This article is a technical deep dive. No "getting started" tutorial, no surface-level overview. We're going straight into the internals — the Closed Learning Loop, the SKILL.md format, the progressive disclosure system that keeps token costs sane, and the DSPy + GEPA pipeline that lets Hermes evolve its own skills without a single GPU.

Let's crack it open.

The Goldfish Problem: Why Most Agent Frameworks Start From Zero Every Time

Here's a thought experiment. You ask an AI agent to scrape a website, parse the data, and save it to a CSV. It takes 12 tool calls, hits two errors, retries with different selectors, and eventually succeeds.

Tomorrow, you ask it to scrape a different website.

It starts from scratch. Same errors. Same retries. Same 12 tool calls. It learned nothing from yesterday.

This is what I call the Goldfish Problem — and it plagues every major agentic framework:

Framework	Mental Model	Learns From Past Tasks?
LangChain / LangGraph	Graph-based state machine	❌ No — state resets per workflow
CrewAI	Role-based multi-agent teams	❌ No — crews are stateless
AutoGen	Conversational multi-agent dialogue	❌ No — conversation history only
Hermes Agent	Persistent self-improving runtime	✅ Yes — Closed Learning Loop

LangGraph gives you surgical control over state machines. CrewAI lets you prototype multi-agent teams fast. AutoGen enables agent-to-agent dialogue. These are good tools for their intended use cases.

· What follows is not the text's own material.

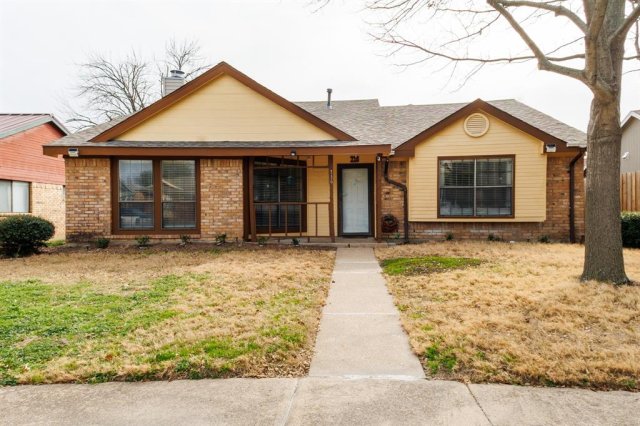 716 Fieldwood Drive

But none of them treat past execution as training data for future execution. They orchestrate. They don't learn.

Hermes Agent does both.

The Closed Learning Loop — Execute, Evaluate, Extract, Retrieve

The core innovation in Hermes Agent is a four-phase cycle that Nous Research calls the Closed Learning Loop. Here's how it works:

┌──────────────────────────────────────────────────┐
│                                                  │
│   ┌──────────┐    ┌──────────┐    ┌──────────┐  │
│   │          │    │          │    │          │   │
│   │ EXECUTE  │───▶│ EVALUATE │───▶│ EXTRACT  │  │
│   │          │    │          │    │          │   │
│   └──────────┘    └──────────┘    └──────────┘  │
│        ▲                               │         │
│        │          ┌──────────┐         │         │
│        │          │          │         │         │
│        └──────────│ RETRIEVE │◀────────┘         │
│                   │          │                    │
│                   └──────────┘                    │
│                                                  │
└──────────────────────────────────────────────────┘

Phase 1: Execute

The agent performs a task using its available tools — web search, browser automation, terminal commands, file operations, code execution. Standard agentic behavior. Nothing unusual here.

Phase 2: Evaluate

After the task completes, the agent doesn't just move on. It reviews its own execution trace — every tool call, every reasoning step, every error and recovery. It asks: What worked? What failed? What took more steps than necessary?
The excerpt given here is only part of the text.